マークさんに返事をして私はインベントリの中で作成をはじめる。

ルルさんと同じ物を大量に作って付けてもらう。ただ今回は明確に私の奴隷だと判るようにしないといけないので首輪の前面部には私の名前を刻印しておく。

「何だこれは…身体が軽く、力がみなぎる…!」
「街の奴らがしているのとは全然違う。苦しくないし重たくない」

みんな首輪に触れながら喜んでいた。

…本当は首輪なんて着けたくないんだけどね。

次は住む所だけど、このまま森に住んでもらう事にした。
あまり遠回りはしたくないのだけど、獣人族の皆さんに何かあったらいけないので集落を改良する事に。
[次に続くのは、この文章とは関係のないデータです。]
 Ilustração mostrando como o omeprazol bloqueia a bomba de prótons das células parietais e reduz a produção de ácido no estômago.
ムドさんに案内してもらい、ボロボロの掘立て小屋が幾つもある場所に着く。

「ここで何をするんだ?」
「家を頑丈なものに建て直そうかと」

あ、そういえば一度使った魔法って使えなくなっちゃうんだっけ…。
一軒だけ頑丈な建物を作ってもあまり意味がないよね。何かいい方法はないかな?

[全てを繋げて一つの建物とすれば良いでしょう]

なるほど…。でもそれってかなり難しいんじゃない?

[私がサポートします]

それなら安心だね。

建物のイメージは石造りの頑丈なもので、村の周りにも強固な石壁を作ろう。門は東西に2箇所で門扉も石で作ってしまおう。
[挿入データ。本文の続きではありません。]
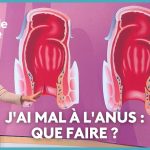 Différences cliniques entre crise hémorroïdaire et fissure anale en France.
[準備完了。オーバーブーストを掛けて《建設ビルディング》を使用してください]

うん。

言われた通りに魔法を発動!

地面から轟音が聞こえてきて次々と石造りの建物が生えてくる。

私達の立っている所も含めて、地面も石畳になっていく。

これで繋がっているから建物1つって扱いなのかな?

「な、な、な…」
「何だこれは…」
「皆さんが住む為の村を作り直しました。家の扉は引き戸になっているので気をつけてくださいね」

後で作る時間がないから石で引き戸を作ってみた。試しに近くの家の扉を開けてみるけど、そんなに重くもなくスムーズに開閉できた。

うん、良い出来だね。

流石に内装までは用意してあげられないから、あとはみんなで何とかしてほしい。

「この石はかなり頑丈なので、魔物の攻撃くらいじゃビクともしないですよ」
「そ、そうなのか…」

ムドさんは目の前にある建物を恐る恐る触っている。

「でもこんなに目立つ建物を作っちゃったら魔物が攻めていて危ないんじゃない?建物が頑丈でも村の外で襲われたら…」
「あー…多分大丈夫ですよ」

ニールさんの指摘に答える。

作った首輪で全員能力が底上げされているからこの森の魔物に襲われても何とかなると思う。勿論子供とか、戦えない人はなるべく外に出ない方が良いと思うけどね。

まあこれでここに住んでも大丈夫だと思う。

「ミナさんは何故こんな事を簡単に出来てしまうのですか…?」

マークさんが驚きながら聞いてくる。

「以前に何度か街を作っているので慣れてるだけですよ」
「神様というのは本当なのですね…」

街くらい神様じゃなくても作るよね?

街を作るなんてやっていたから日が暮れてきてしまった。
流石に夜にこの森を歩くのは危ないだろうからここで一晩明かしてから出発する事になった。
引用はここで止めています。